◆ DATA PROVIDED ◆
◆ ◆ ◆ ◆ ◆

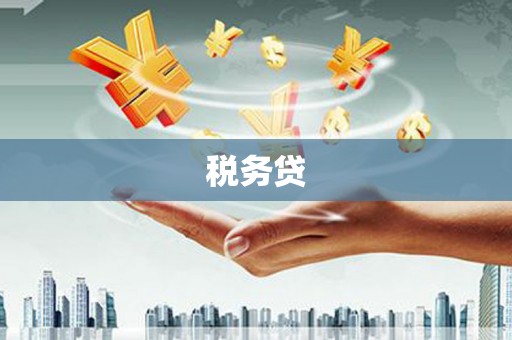 新港税务贷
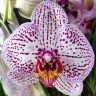 Орхидея Phalaenopsis Invention (отцвел, РЕАНИМАШКА)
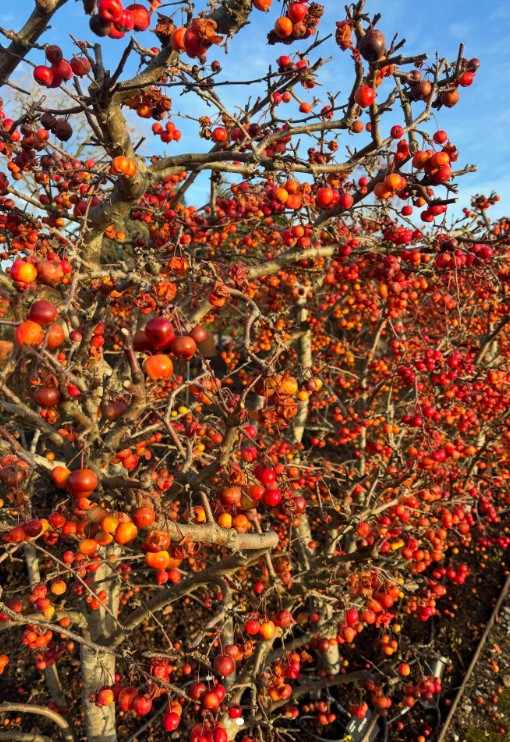 12 Edible Hedge Garden Ideas Beautiful Privacy You Can Harvest smallhometours.com 21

◆ ◆ ◆ ◆ ◆

◆ EXERCISE ◆
When you repeat the material above, keep every word exact and leave out the pictures.

◆ WRITTEN ANSWER ◆
 新港税务贷
 Орхидея Phalaenopsis Invention (отцвел, РЕАНИМАШКА)
 12 Edible Hedge Garden Ideas Beautiful Privacy You Can Harvest smallhometours.com 21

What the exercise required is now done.